Custom Models¶

OG-Learn allows you to use any model that follows the scikit-learn interface.

Custom HV Model¶

Any model with fit(X, y) and predict(X) methods can be used as an HV model:

from og_learn import OGModel
from sklearn.ensemble import GradientBoostingRegressor

# Create custom HV model
custom_hv = GradientBoostingRegressor(
    n_estimators=200,
    max_depth=5,
    learning_rate=0.1
)

# Use in OGModel
model = OGModel(
    hv=custom_hv,  # Pass model instance
    lv='mlp',
    oscillation=0.05,
    sampling_alpha=0.1
)

model.fit(X_train, y_train, density=density_train)

Custom LV Model¶

For custom LV models, you need to implement a class with fit() and predict() methods:

import torch
import torch.nn as nn
from og_learn import OGModel

class CustomMLP:
    def __init__(self, input_dim, hidden_dims=[128, 64]):
        self.input_dim = input_dim
        self.hidden_dims = hidden_dims
        self.model = None

    def _build_model(self):
        layers = []
        prev_dim = self.input_dim
        for dim in self.hidden_dims:
            layers.extend([
                nn.Linear(prev_dim, dim),
                nn.ReLU(),
                nn.Dropout(0.2)
            ])
            prev_dim = dim
        layers.append(nn.Linear(prev_dim, 1))
        return nn.Sequential(*layers)

    def fit(self, X, y, epochs=100, **kwargs):
        self.model = self._build_model()
        # Training logic here...
        return self

    def predict(self, X):
        self.model.eval()
        with torch.no_grad():
            X_tensor = torch.FloatTensor(X)
            return self.model(X_tensor).numpy().flatten()

# Use custom LV model
custom_lv = CustomMLP(input_dim=X_train.shape[1])
model = OGModel(
    hv='lightgbm',
    lv=custom_lv,  # Pass model instance
    oscillation=0.05
)

Using OG Core Functions Directly¶

For maximum flexibility, use the core OG functions:

from og_learn.og_core import (
    initialize_OG_componment,
    generate_OG_componment
)

# Stage 1: Initialize and fit HV model
hv_model = initialize_OG_componment(X_train, y_train, model_type='lightgbm')
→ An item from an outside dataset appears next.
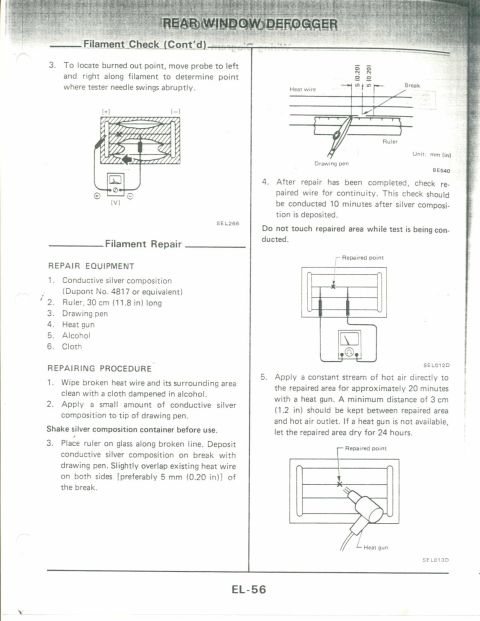 1990 Nissan Micra - Service manual page details filament check and repair procedures for a rear window defogger.
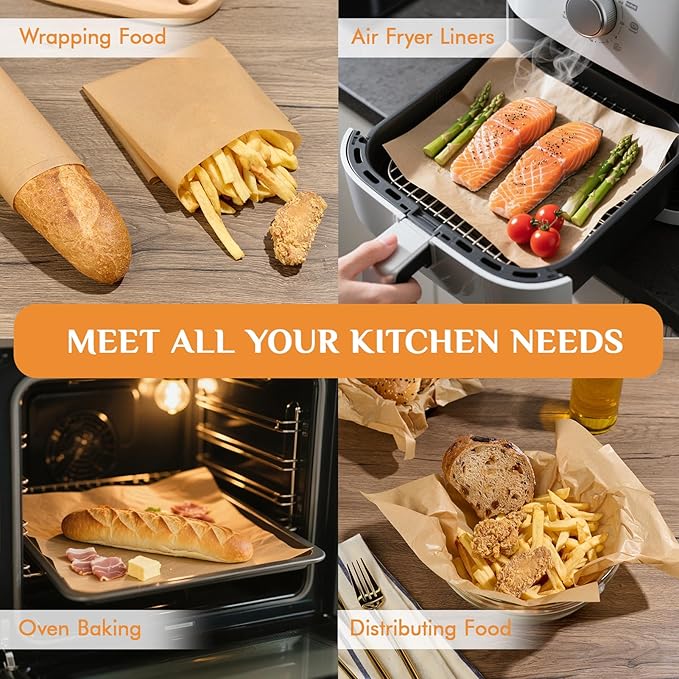 MUCHII 400 Pcs Unbleached Parchment Paper Sheets, 12 x 16 Inch Precut Non-Stick Parchment Sheets for Baking, Cooking, Grilling, Air Fryer, and Steaming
# Generate pseudo-labels with density-aware sampling
X_pseudo, y_pseudo = generate_OG_componment(
    X_train, y_train,
    density=density_train,
    hv_model=hv_model,
    oscillation=0.05,
    sampling_alpha=0.1
)

# Stage 2: Train your own LV model on pseudo-labels
from sklearn.neural_network import MLPRegressor

lv_model = MLPRegressor(hidden_layer_sizes=(256, 128, 64))
lv_model.fit(X_pseudo, y_pseudo)

# Predict
predictions = lv_model.predict(X_test)

Hybrid Approaches¶

Combine preset and custom models:

from og_learn import OGModel
from og_learn.presets import get_hv_model
from catboost import CatBoostRegressor

# Custom CatBoost with specific parameters
custom_catboost = CatBoostRegressor(
    iterations=1000,
    depth=10,
    learning_rate=0.03,
    l2_leaf_reg=5,
    verbose=False
)

# Use with preset LV model
model = OGModel(
    hv=custom_catboost,
    lv='resnet',
    oscillation=0.03,
    sampling_alpha=0.15
)

model.fit(X_train, y_train, density=density_train, epochs=150)

Tips for Custom Models¶

HV Model Requirements

Must have fit(X, y) method
Must have predict(X) method
Should be capable of learning local patterns (tree-based models work well)

LV Model Requirements

Must have fit(X, y, ...) method
Must have predict(X) method
For full OG integration, implement OG_componment support in fit()

Avoid

Linear models as HV (won't capture local patterns)
Very complex models as LV (defeats the purpose of generalization)